— Records for the exercise —
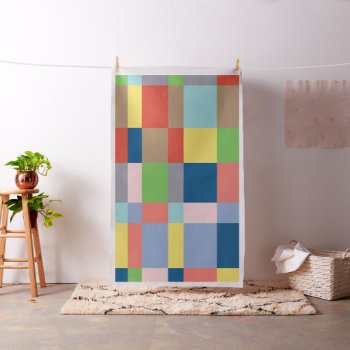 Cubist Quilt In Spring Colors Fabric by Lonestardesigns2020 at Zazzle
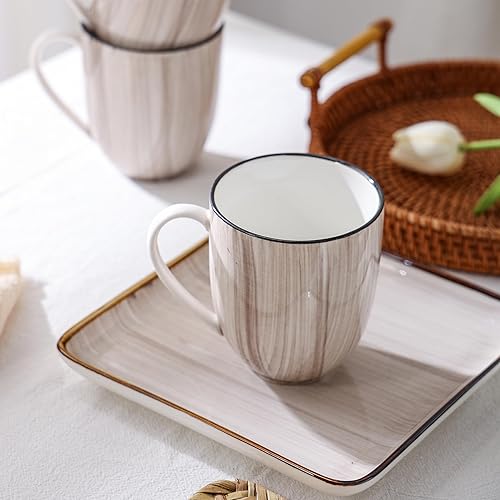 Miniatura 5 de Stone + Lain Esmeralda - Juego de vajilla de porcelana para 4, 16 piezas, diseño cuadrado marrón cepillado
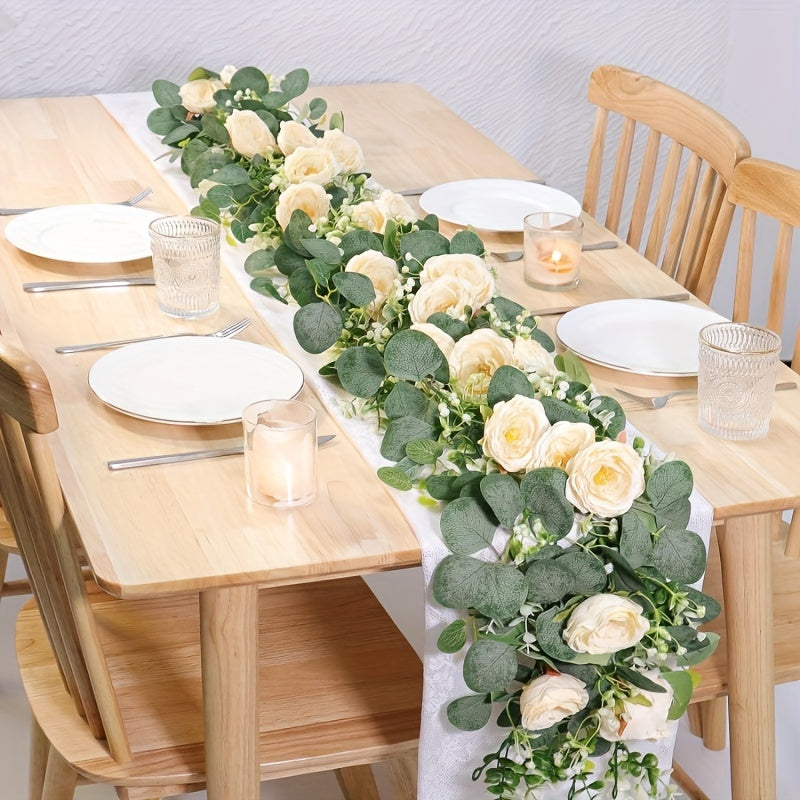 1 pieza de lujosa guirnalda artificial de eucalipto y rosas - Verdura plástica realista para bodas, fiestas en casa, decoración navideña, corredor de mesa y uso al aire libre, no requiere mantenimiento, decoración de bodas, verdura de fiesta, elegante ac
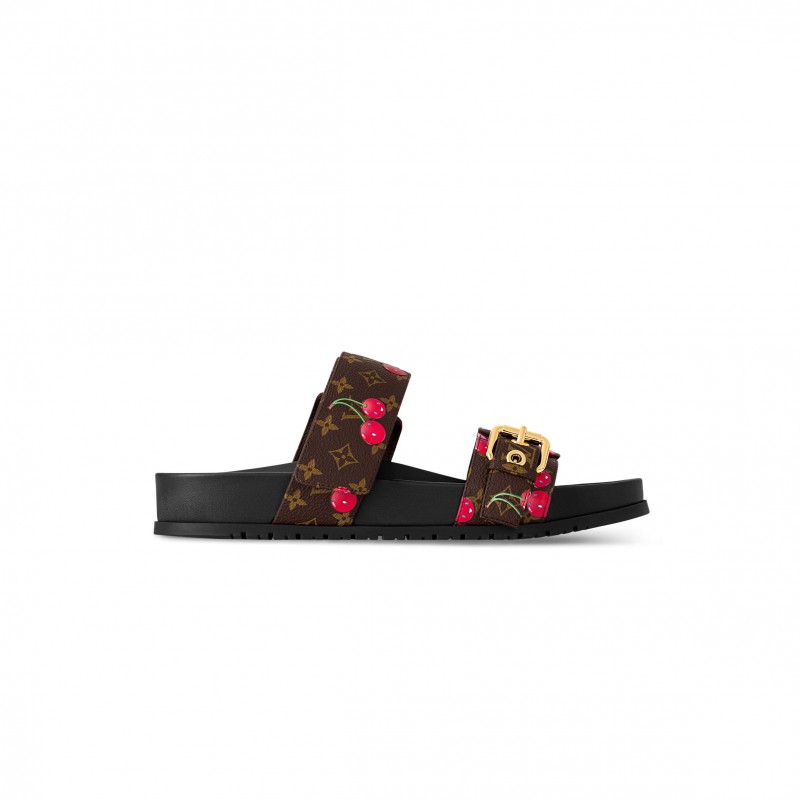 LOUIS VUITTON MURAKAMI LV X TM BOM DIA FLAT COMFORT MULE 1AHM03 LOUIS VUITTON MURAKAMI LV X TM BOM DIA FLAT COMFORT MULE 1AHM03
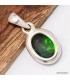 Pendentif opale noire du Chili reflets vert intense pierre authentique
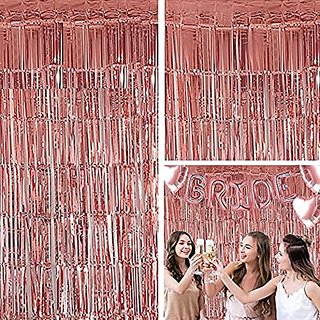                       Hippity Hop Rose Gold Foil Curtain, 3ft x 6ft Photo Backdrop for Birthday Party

...

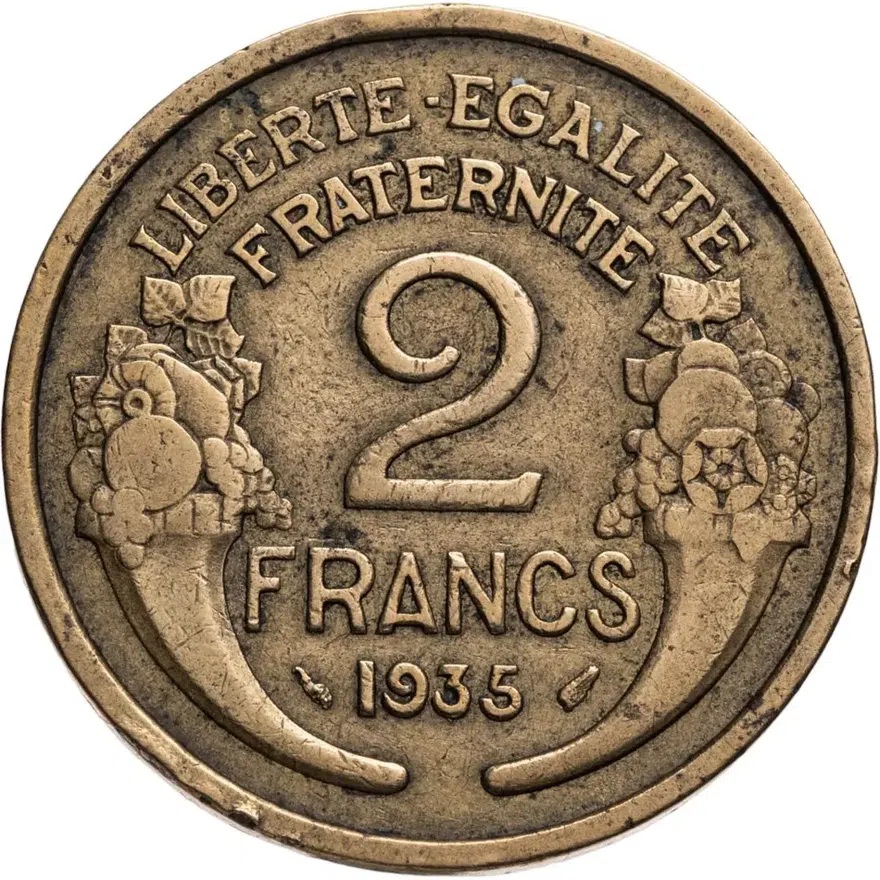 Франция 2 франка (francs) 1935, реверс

— Work instruction —
Beginning with the line that contains "Pendentif opale noire", write out the lines of the material above exactly, and end with the line that contains "Hippity Hop Rose". Omit the pictures.

— Answer for the task —
 Pendentif opale noire du Chili reflets vert intense pierre authentique
                       Hippity Hop Rose Gold Foil Curtain, 3ft x 6ft Photo Backdrop for Birthday Party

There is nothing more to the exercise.